* **EXERCISE DESCRIPTION**
Copy task. Retype the whole listing exactly, omitting any picture in it.

*** THE DATA ***

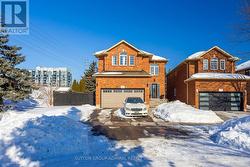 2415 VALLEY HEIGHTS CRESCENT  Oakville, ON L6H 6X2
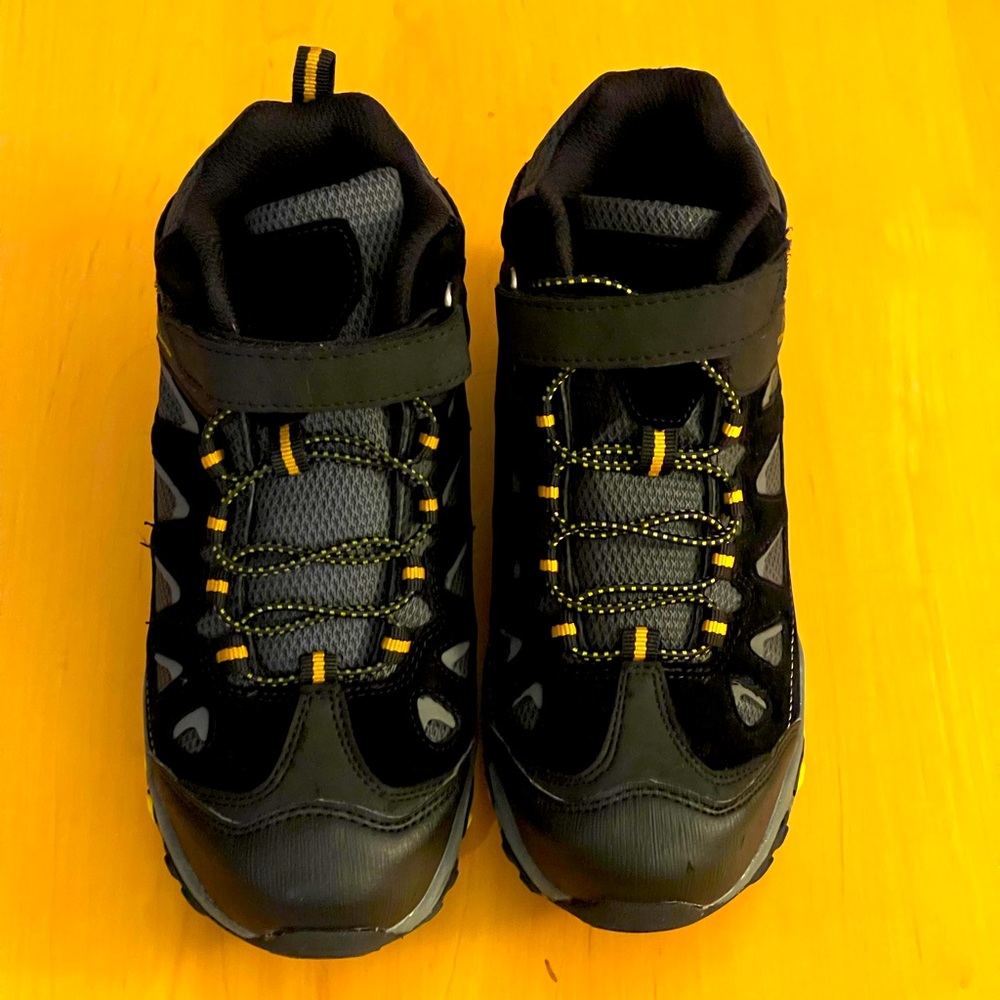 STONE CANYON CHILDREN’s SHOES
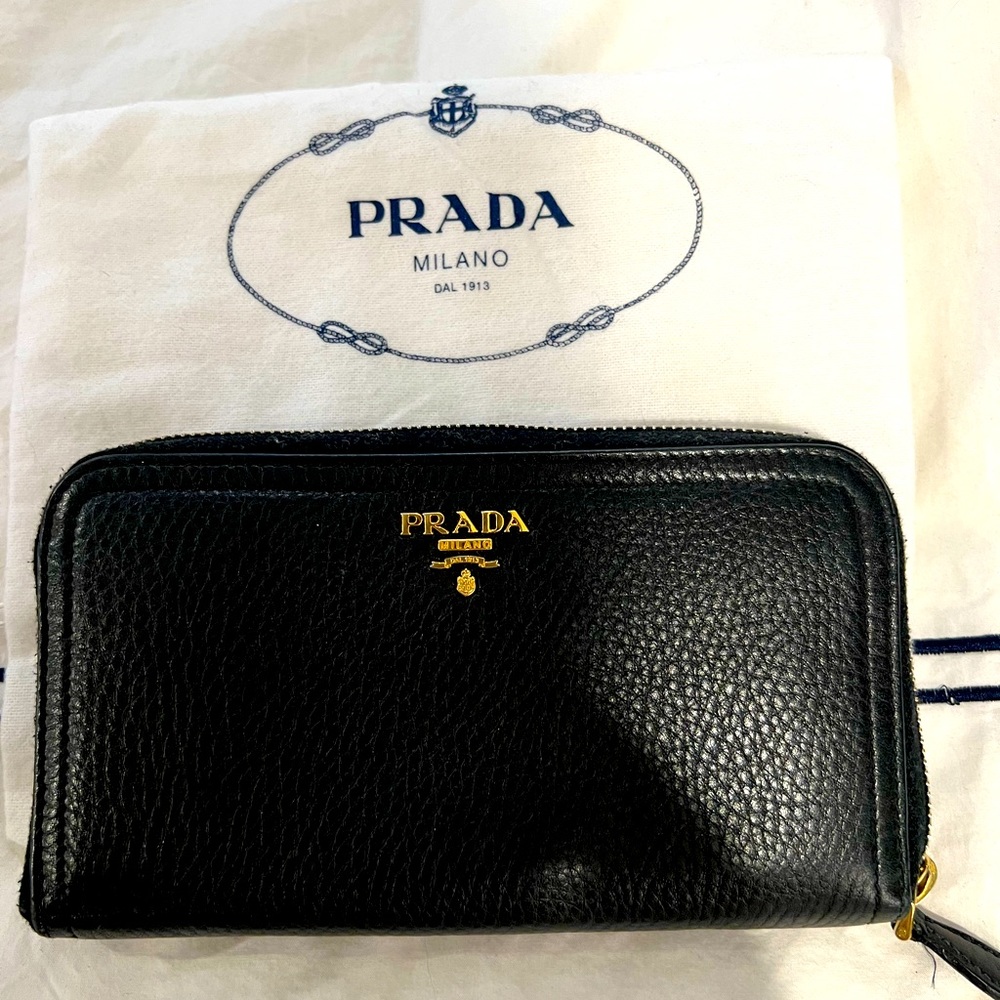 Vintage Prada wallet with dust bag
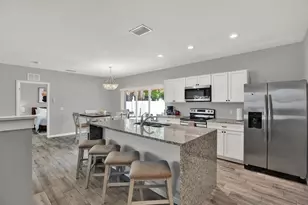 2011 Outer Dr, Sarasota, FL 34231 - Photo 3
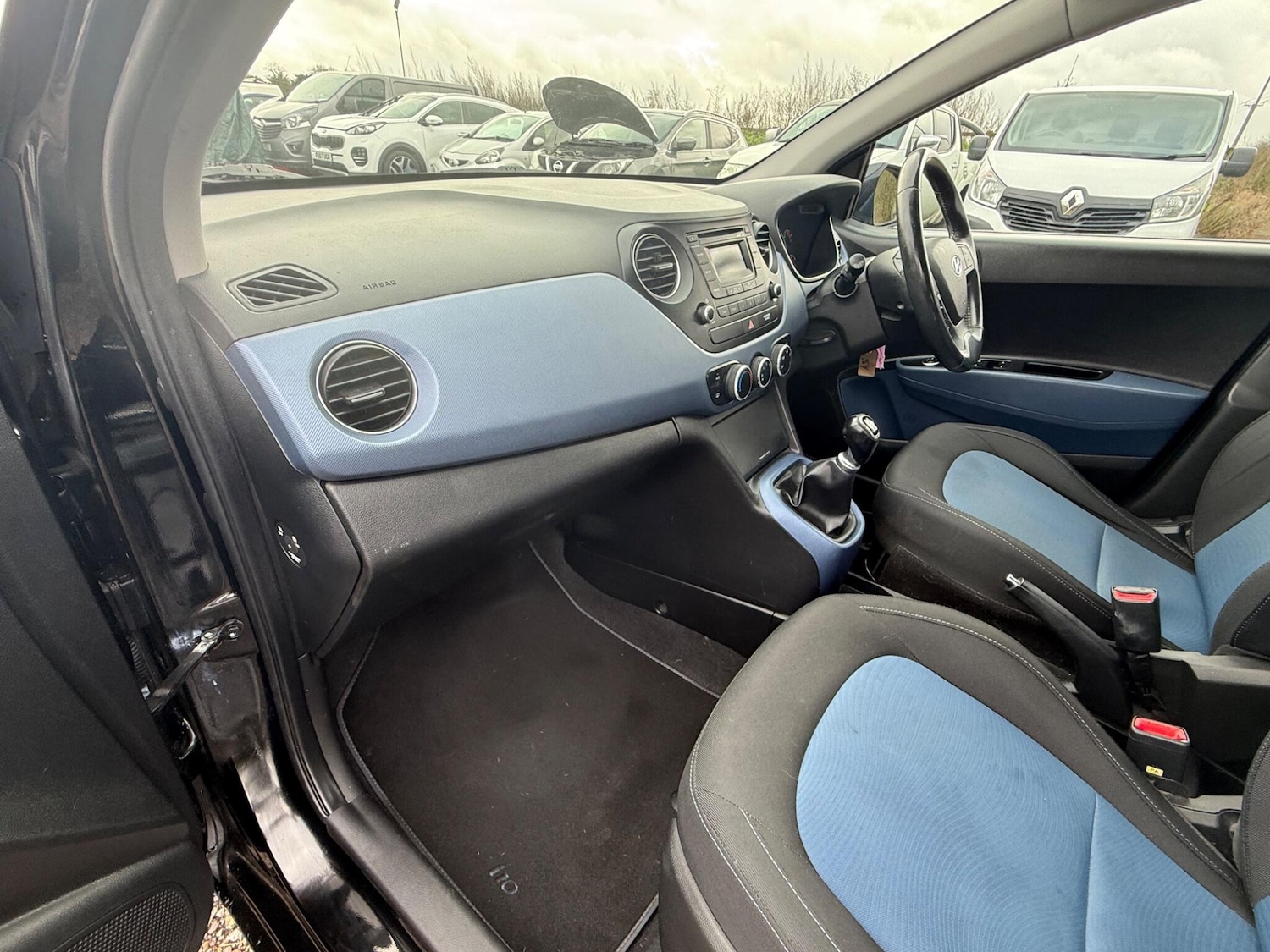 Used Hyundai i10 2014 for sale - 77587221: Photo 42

*** End of THE DATA ***

* **WRITTEN REPLY**
 2415 VALLEY HEIGHTS CRESCENT  Oakville, ON L6H 6X2
 STONE CANYON CHILDREN’s SHOES
 Vintage Prada wallet with dust bag
 2011 Outer Dr, Sarasota, FL 34231 - Photo 3
 Used Hyundai i10 2014 for sale - 77587221: Photo 42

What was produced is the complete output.